Nikola Tesla se retranche dans la tour de Wardenclyffe, qu’il a fait construire en 1901. Grâce à cette installation, il espère réussir la première transmission radio transatlantique. Le savant n’obtient aucun résultat probant et s’isole peu à peu, tandis que son rival Guglielmo Marconi est décoré d’un prix Nobel pour son invention de la « télégraphie sans fil » — une découverte pourtant permise par l’un des brevets de Tesla.
Nikola Tesla meurt en janvier 1943, dans une chambre de l’hôtel New Yorker. Le scientifique achève son existence avec pour seule compagnie les pigeons qu’il avait coutume de nourrir à Bryant Park, et couvert de dettes. Il laisse derrière lui 300 brevets, dont ses travaux sur le courant alternatif, la haute fréquence et la télégraphie sans fil.

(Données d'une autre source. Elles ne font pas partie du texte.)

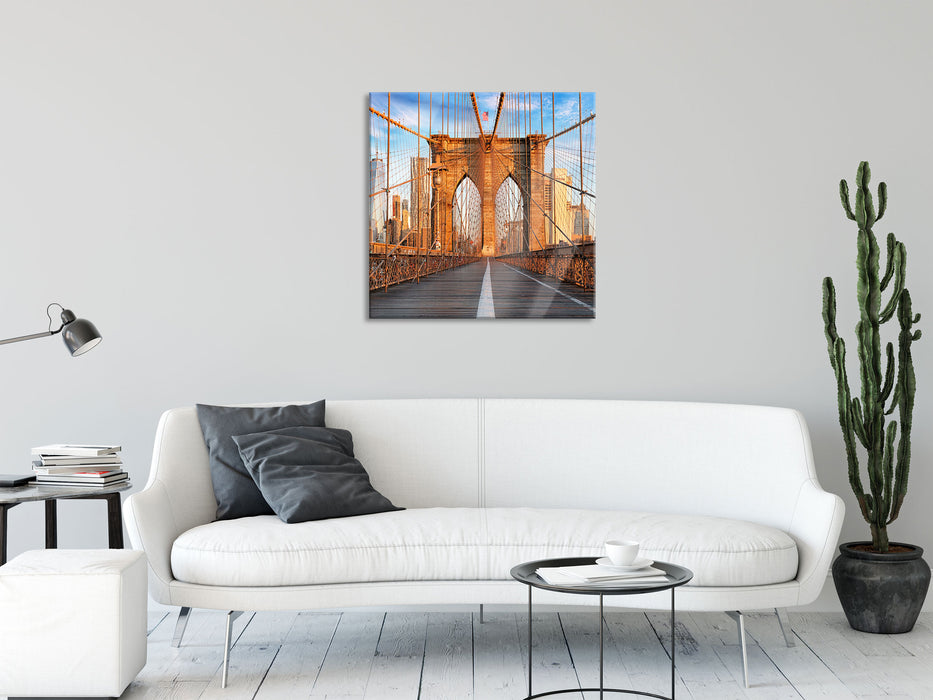 Leere Brooklyn Bridge in New York City, Glasbild Quadratisch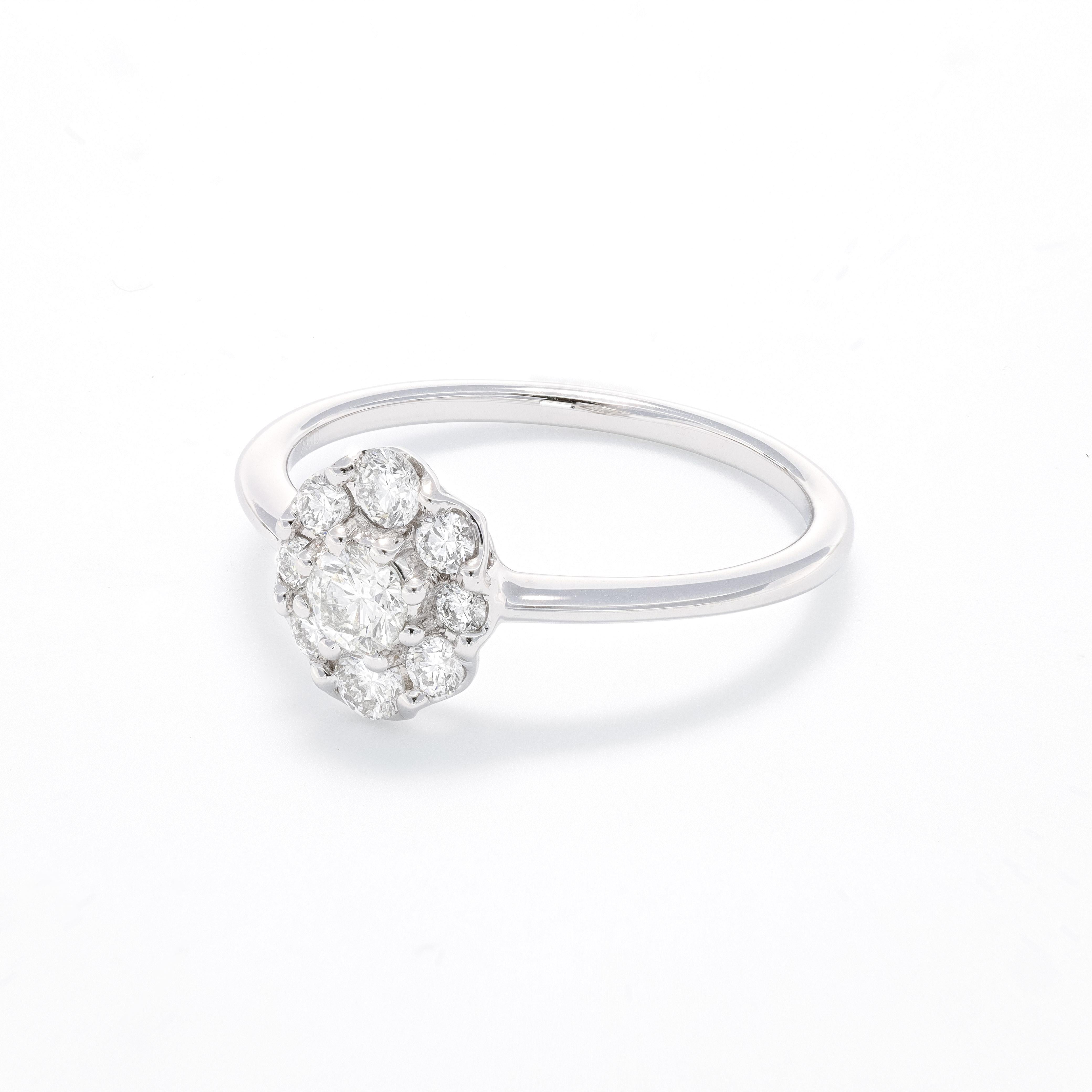 Anillo de compromiso vintage con diamante natural de 0,50 quilates y racimo de oro blanco de 18 quilates Corte redondo en venta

Aujourd’hui, nous ne pensons pas à Nikola Tesla lorsque nous allumons la lumière dans une pièce, mais ses travaux ont portant posé les bases de l’actuelle distribution de nos réseaux électriques, qui utilisent le courant alternatif.
« On se pose maintenant la question de réintroduire du coutant continu dans nos réseaux électriques », nous fait remarquer Anne Blavette. Le courant continu est celui qui alimente nos smartphones et ordinateurs, équipés de batteries, ainsi que les panneaux solaires. Dans ce denier cas, le courant doit être transformé en alternatif pour être injecté dans le réseau. « Certains proposent que l’alimentation en courant continu issue des panneaux solaires puisse se faire vers les équipements électroniques sans cette étape intermédiaire », explique la spécialiste.
Thomas Edison parlait de son rival en disant qu’il était un « poète de la science » : un ingénieur à l’intelligence féconde, qui doit sûrement son relatif anonymat à sa candeur et sa folie douce.